■ Task item
For the records below, give the number of lines where the string "into" occurs. Include nothing else.
□ □ □ □ □
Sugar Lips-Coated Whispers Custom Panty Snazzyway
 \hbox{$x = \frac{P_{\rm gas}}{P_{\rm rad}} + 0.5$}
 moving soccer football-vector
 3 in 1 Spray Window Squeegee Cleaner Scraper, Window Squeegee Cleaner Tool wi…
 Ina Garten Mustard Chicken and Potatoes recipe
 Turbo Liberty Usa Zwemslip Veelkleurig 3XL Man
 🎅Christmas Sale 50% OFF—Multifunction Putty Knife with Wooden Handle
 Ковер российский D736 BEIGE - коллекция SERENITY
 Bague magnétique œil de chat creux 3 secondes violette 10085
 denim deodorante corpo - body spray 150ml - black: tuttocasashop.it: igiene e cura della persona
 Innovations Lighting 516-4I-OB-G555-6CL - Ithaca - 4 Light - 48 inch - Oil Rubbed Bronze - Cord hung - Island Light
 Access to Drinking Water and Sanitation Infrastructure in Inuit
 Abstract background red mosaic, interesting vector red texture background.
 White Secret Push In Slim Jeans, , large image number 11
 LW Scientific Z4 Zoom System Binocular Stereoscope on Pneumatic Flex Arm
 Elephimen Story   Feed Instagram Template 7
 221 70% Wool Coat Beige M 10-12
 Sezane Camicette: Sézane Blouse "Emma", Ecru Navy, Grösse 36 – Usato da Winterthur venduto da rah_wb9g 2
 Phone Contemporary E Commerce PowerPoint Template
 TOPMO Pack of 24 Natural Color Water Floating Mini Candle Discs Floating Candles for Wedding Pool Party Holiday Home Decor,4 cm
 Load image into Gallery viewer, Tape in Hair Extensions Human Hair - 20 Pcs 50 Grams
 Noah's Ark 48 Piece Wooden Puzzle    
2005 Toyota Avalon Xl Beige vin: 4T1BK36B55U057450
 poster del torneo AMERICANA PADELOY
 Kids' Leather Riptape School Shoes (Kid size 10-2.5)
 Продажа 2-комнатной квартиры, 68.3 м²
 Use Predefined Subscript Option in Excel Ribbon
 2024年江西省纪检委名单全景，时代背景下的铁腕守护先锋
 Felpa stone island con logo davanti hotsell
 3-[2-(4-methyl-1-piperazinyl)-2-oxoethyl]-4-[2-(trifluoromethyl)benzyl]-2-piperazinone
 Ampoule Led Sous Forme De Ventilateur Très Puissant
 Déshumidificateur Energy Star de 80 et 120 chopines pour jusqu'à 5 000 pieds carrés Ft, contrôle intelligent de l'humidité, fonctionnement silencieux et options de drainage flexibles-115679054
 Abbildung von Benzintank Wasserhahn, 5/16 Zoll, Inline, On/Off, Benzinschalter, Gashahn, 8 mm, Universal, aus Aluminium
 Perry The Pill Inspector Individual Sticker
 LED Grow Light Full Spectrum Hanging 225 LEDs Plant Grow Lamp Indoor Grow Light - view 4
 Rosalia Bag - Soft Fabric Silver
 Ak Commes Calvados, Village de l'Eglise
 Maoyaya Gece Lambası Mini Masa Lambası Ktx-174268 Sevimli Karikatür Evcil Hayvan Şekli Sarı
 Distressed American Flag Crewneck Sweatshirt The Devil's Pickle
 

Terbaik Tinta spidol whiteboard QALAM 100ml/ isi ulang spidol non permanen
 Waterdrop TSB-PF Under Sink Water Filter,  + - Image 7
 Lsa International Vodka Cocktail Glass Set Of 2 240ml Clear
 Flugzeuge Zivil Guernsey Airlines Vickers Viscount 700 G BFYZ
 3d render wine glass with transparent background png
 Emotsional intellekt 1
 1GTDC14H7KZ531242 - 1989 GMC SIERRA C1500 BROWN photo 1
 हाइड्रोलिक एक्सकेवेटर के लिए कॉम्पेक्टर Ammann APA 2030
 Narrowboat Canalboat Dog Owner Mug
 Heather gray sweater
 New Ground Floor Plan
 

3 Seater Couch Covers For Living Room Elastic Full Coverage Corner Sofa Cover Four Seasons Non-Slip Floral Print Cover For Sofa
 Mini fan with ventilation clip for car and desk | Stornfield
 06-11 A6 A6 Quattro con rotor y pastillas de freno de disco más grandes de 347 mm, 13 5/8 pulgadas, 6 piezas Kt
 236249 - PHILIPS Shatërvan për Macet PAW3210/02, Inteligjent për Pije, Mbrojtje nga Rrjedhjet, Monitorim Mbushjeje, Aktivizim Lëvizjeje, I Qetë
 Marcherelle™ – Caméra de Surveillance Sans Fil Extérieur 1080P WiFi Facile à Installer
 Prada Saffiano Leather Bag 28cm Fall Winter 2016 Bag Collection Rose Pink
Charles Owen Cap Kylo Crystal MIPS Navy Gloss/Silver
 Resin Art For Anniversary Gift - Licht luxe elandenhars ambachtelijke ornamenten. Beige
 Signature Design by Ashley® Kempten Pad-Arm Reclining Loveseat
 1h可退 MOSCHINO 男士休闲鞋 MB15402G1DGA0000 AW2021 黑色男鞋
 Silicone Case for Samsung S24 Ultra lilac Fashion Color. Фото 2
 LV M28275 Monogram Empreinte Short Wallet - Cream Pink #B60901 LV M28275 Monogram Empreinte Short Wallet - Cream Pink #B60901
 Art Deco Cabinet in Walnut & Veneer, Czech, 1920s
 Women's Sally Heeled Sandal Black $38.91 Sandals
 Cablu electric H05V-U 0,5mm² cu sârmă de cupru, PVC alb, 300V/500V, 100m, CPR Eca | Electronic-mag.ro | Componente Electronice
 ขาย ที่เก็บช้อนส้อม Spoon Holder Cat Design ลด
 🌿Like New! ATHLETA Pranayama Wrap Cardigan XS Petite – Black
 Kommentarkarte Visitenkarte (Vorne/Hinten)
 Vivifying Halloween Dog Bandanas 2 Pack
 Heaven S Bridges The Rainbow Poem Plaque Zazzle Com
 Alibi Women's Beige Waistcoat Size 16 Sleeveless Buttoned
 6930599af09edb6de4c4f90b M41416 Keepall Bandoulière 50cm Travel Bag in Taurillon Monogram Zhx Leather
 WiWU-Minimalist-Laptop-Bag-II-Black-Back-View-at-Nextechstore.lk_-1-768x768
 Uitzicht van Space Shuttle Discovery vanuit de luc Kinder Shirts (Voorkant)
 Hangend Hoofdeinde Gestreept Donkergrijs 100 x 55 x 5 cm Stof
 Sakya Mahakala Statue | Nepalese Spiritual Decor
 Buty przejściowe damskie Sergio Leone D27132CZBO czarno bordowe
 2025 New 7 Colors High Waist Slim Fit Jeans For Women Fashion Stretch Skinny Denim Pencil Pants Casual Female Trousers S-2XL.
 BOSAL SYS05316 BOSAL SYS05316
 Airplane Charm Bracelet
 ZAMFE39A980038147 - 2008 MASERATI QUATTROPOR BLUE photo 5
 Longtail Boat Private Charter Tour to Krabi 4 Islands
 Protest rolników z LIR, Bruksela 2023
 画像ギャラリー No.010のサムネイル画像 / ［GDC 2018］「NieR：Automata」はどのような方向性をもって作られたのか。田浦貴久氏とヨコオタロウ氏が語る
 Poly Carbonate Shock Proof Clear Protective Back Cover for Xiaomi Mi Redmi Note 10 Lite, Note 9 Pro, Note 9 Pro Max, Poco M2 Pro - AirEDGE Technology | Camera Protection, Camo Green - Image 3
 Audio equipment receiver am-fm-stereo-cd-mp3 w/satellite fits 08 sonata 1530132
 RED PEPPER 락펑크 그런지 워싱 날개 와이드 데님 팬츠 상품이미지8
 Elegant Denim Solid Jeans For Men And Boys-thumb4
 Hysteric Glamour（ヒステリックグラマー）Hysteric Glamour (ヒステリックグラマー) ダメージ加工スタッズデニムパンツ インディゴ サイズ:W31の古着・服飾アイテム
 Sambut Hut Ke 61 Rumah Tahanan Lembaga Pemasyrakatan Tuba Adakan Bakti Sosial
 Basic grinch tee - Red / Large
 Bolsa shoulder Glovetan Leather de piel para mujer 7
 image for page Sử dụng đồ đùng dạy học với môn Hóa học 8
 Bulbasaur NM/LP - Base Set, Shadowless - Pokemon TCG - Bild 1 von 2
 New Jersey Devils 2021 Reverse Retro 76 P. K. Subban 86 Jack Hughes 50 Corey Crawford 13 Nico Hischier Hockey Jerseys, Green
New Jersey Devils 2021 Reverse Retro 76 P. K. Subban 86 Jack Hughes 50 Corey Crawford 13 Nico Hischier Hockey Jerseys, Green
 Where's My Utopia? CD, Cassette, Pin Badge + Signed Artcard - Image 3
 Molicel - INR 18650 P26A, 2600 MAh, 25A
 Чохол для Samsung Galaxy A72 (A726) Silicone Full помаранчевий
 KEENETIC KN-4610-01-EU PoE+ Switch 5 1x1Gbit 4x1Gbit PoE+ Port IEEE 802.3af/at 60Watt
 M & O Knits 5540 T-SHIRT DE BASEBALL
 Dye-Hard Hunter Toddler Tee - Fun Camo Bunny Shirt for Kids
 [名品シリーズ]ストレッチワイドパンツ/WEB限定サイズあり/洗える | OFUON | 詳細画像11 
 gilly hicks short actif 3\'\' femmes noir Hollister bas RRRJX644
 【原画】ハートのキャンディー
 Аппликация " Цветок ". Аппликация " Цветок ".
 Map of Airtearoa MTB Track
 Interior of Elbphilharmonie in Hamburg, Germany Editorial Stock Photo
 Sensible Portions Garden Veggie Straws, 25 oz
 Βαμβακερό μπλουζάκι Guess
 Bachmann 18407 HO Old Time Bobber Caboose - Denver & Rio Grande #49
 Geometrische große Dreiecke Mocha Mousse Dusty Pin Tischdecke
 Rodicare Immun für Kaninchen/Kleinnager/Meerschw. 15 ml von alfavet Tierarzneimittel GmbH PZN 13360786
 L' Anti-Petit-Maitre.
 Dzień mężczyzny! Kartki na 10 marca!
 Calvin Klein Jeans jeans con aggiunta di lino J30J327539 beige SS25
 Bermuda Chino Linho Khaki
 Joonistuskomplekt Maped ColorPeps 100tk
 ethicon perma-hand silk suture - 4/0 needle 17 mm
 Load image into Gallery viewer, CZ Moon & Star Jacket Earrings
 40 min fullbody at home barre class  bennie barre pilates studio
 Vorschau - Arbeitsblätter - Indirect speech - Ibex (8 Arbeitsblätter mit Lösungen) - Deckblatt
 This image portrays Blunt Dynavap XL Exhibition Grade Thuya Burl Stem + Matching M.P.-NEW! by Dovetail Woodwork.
□ □ □ □ □
■ Task result
2